Wow! So much bogosity in two statements.
1) Functional programs certainly can be fast. And serious numeric analysis is now often done with NumPy which is _interpreted_.
2) Fortran supports recursion since 1990 (actually since much earlier mostly in form of vendor-specific extensions).

Learning to program

Posted Apr 26, 2012 3:16 UTC (Thu) by samlh (subscriber, #56788) [Link]

> And serious numeric analysis is now often done with NumPy which is _interpreted_.

Much of NumPy is a thin wrapper around BLAS, linpack, etc. What makes it popular is that it provides an intuitive interface, but the number-crunching is rarely written in Python.

Learning to program

Posted Apr 26, 2012 12:58 UTC (Thu) by nix (subscriber, #2304) [Link]

Serious numerical analysis is *never* done using functional programming languages: any language without BLAS and linpack can be ruled out immediately. The popular choices include high performance fortran, which does not support recursion.
I don't do numerical analysis, nor do I know anyone who does, so I cannot argue regarding the truth of your assertion. But as a simple Google search will show, Haskell has bindings to BLAS.

Learning to program

Posted Apr 28, 2012 0:20 UTC (Sat) by giraffedata (subscriber, #1954) [Link]

"most people can’t learn to program: between 30% and 60% of every university computer science department’s intake fail the first programming course."
But I don't remember washout rates as high as those suggested.

It's misleading.

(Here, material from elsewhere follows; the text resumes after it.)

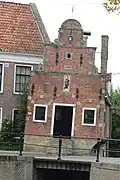 Het Korendragershuisje in Franeker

A footnote implies most of those who failed received credit for the class and moved on to the next level. By "failed," the authors mean they failed to learn the subject matter -- to program -- and they say the policy in these classes is to pass a certain fraction of the class rather than to apply an absolute standard as the researchers did.

GCC and static analysis

Posted Apr 23, 2012 20:32 UTC (Mon) by khim (subscriber, #9252) [Link]

Interesting. Have you read "The camel has two humps"? It seems like this might be related.

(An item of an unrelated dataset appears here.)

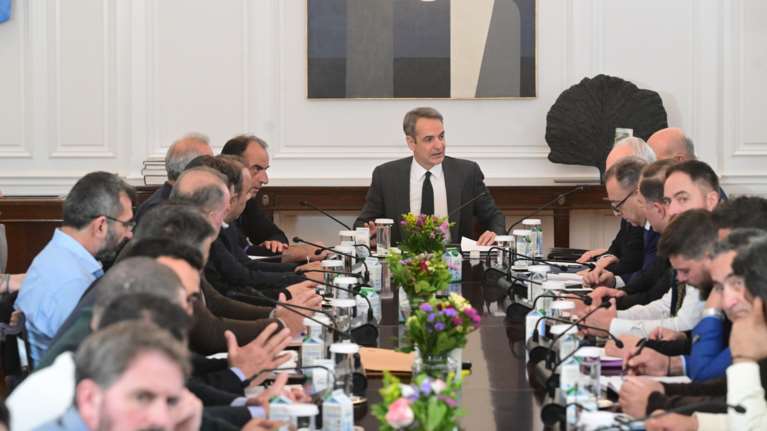 Κυριάκος Μητσοτάκης: Συνάντηση με κτηνοτρόφους την Τρίτη στο Μέγαρο Μαξίμου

Yes, I've read this thing - sadly after I've stopped teaching. It's related but different. The camel has two humps explains that the most important thing for a programmer it to understand that programming is The Glass Bead Game: computer has no common sense thus it's your responsibility to bring sense to the program. And that it's very hard, almost impossible, to teach it to someone who's not accepting that right away!

Functional programming is similar but different: it separates the result of said game from the process! It certainly feels that even people who can play The Glass Bead Game successfully not all can do this next step - and that means they'll not be able to successfully utilize functional programming. Even if they'll be able to write programs using functional languages they'll do in a very inefficient way.

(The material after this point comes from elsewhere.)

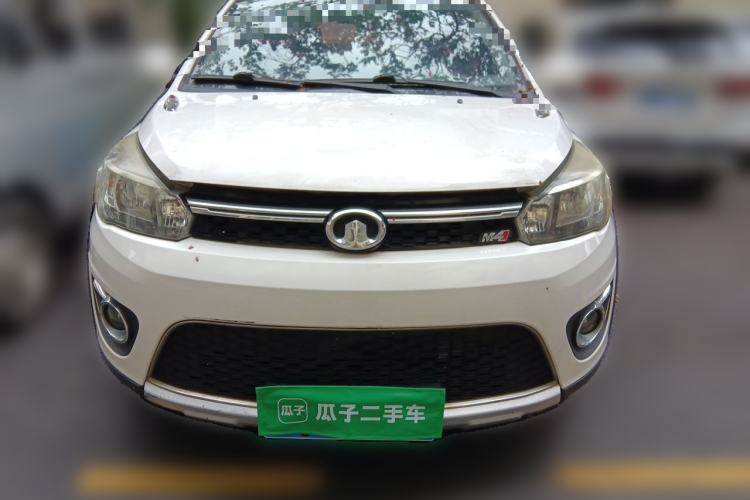 Used Great Wall M4 2012 1.5L Manual Luxury Version Front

Think STL: it mostly tries to use functional style, but sometimes fails. For example map::insert function - it returns the pair<iterator, bool>. This is obvious thing to do in the imperative world. But in functional world (which is related to SMP world, BTW) it's bad idea: it means that the whole insert operation must be done sequentially before insert method will return!

Does a similar curve to the one they describe (e.g. figure 14) occur for functional programming, or is it different?

Well, I no longer teach CS thus I can not check, but it certainly felt this way: people either "got" functional programming easily or were unable to pick it at all. They tried to invent a way (often successful) to shoehorn cycles to the language which had noting of the sort.

Of course most people had problem with just an imperative programming (as The camel has two humps shows) thus I can not really say what percentage of students had trouble with programming and what percentage only had trouble with functional programming. I only remember the key result: people who groked functional programming were able to program imperatively (I can not recall even a single person who was able to succeed with functional programming but had trouble with imperative one - this probably happens, but it's extremely rare), yet people who were barely able to pass functional programming part often did very well with imperative part.

GCC and static analysis

Posted Apr 24, 2012 11:59 UTC (Tue) by renox (subscriber, #23785) [Link]

> computer has no common sense thus it's your responsibility to bring sense to the program. And that it's very hard, almost impossible, to teach it to someone who's not accepting that right away!

This specific part depends probably a lot if you're teaching Prolog or if you're teaching assembly language..

GCC and static analysis

Posted May 17, 2012 15:50 UTC (Thu) by nye (guest, #51576) [Link]

>I only remember the key result: people who groked functional programming were able to program imperatively (I can not recall even a single person who was able to succeed with functional programming but had trouble with imperative one - this probably happens, but it's extremely rare)

That's interesting - not particularly surprising but it still makes me feel weird.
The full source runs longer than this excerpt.